In digital signal processing, anti-aliasing is the technique of minimizing the distortion artifacts known as aliasing when representing a high-resolution signal at a lower resolution. Anti-aliasing is used in digital photography, computer graphics, digital audio, and many other applications.
In the image domain, aliasing artifacts can appear as wavy lines or bands, moiré patterns, popping, strobing, or as unwanted sparkling. In the sound domain they can appear as rough, dissonant, or spurious tones, or as noise.
Anti-aliasing means removing signal components that have a higher frequency than is able to be properly resolved by the recording (or sampling) device. This removal is done before (re)sampling at a lower resolution. When sampling is performed without removing this part of the signal, it causes undesirable artifacts such as the black-and-white noise near the top of figure 1-a below.
In signal acquisition and audio, anti-aliasing is often done using an analog anti-aliasing filter to remove the out-of-band component of the input signal prior to sampling with an analog-to-digital converter. In digital photography, optical anti-aliasing filters are made of birefringent materials, and smooth the signal in the spatial optical domain. The anti-aliasing filter essentially blurs the image slightly in order to reduce resolution to below the limit of the digital sensor (the larger the pixel pitch, the lower the achievable resolution at the sensor level).
See the articles on signal processing and aliasing for more information about the theoretical justifications for anti-aliasing. The remainder of this article is dedicated to anti-aliasing methods in computer graphics.
Figure 1-a illustrates the visual distortion that occurs when anti-aliasing is not used. Notice that near the top of the image, where the checkerboard is very distant, the image is impossible to recognize, and is not aesthetically appealing. By contrast, figure 1-b is anti-aliased. The checkerboard near the top blends into gray, which is usually the desired effect when the resolution is insufficient to show the detail. Even near the bottom of the image, the edges appear much smoother in the anti-aliased image. Figure 1-c shows another anti-aliasing algorithm, based on the sinc filter, which is considered better than the algorithm used in 1-b. Figure 2 shows magnified portions of Figure 1 for comparison. The left half of the image is taken from Figure 1-a, and the right half of the image is taken from Figure 1-c. Observe that the gray pixels help make 1-c much smoother than 1-a, though they are not very attractive at the scale used in Figure 2.Fig 3 shows how anti-aliasing smooths the outline. Text is affected in just the same way.

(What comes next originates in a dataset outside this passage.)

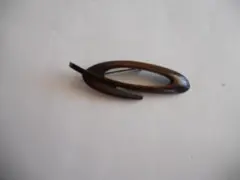 ブローチ ヴィンテージ 昭和レトロ 木彫 ブローチ です。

There are infinitely many such functions. However, the computer screen is capable of displaying only finitely many different images. Indeed, an ordinary computer screen has no more than a few million pixels, and each pixel only has a finite number of colors it can display.

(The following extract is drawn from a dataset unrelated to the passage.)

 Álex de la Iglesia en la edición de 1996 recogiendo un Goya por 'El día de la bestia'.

Hence, an image f(x,y) must be simplified in order to be converted into a displayable form. By the pigeonhole principle, sometimes two different ideal images f(x,y) and g(x,y) will unavoidably be converted to the same picture on the screen. The question is how to select the best possible reduced image.
An example of a poor choice is illustrated in Figure 1-a. The most direct way to simplify an image for display is to use a sample of the image at f(i,j) for each pixel (i,j), as illustrated. At the top of the checkerboard, multiple black and white tiles may be represented by a single pixel. But since only black and white points occur in the ideal image, an area containing both colors in similar proportion will be represented with a strange pattern of black and white. This type of aliasing is called a Moiré effect.
A better approach is, for each pixel, to use the average intensity of a rectangular area in the scene corresponding to the surface area of the pixel. This gives a better, but not yet ideal, "anti-aliased" appearance; figure 1-b was generated this way. To see why this works better, it helps to look at the problem from a signal-processing perspective.
In this approach, the ideal image is regarded as a signal, the image displayed on the screen is taken as samples, at each (x,y) pixel position, of a filtered version of the signal. Ideally, we would understand how the human brain would process the original signal, and provide an image on screen that will yield the most similar response by the brain.
The most widely accepted analytic tool for such problems is the Fourier transform. The Fourier transform decomposes our signal into basic waves of different frequencies, and gives us the amplitude of each wave in our signal. The waves are of the form:
where j and k are arbitrary non-negative integers. (In fact, there are also waves involving the sine, but for the purpose of this discussion, the cosine will suffice; see Fourier transform for technical details.)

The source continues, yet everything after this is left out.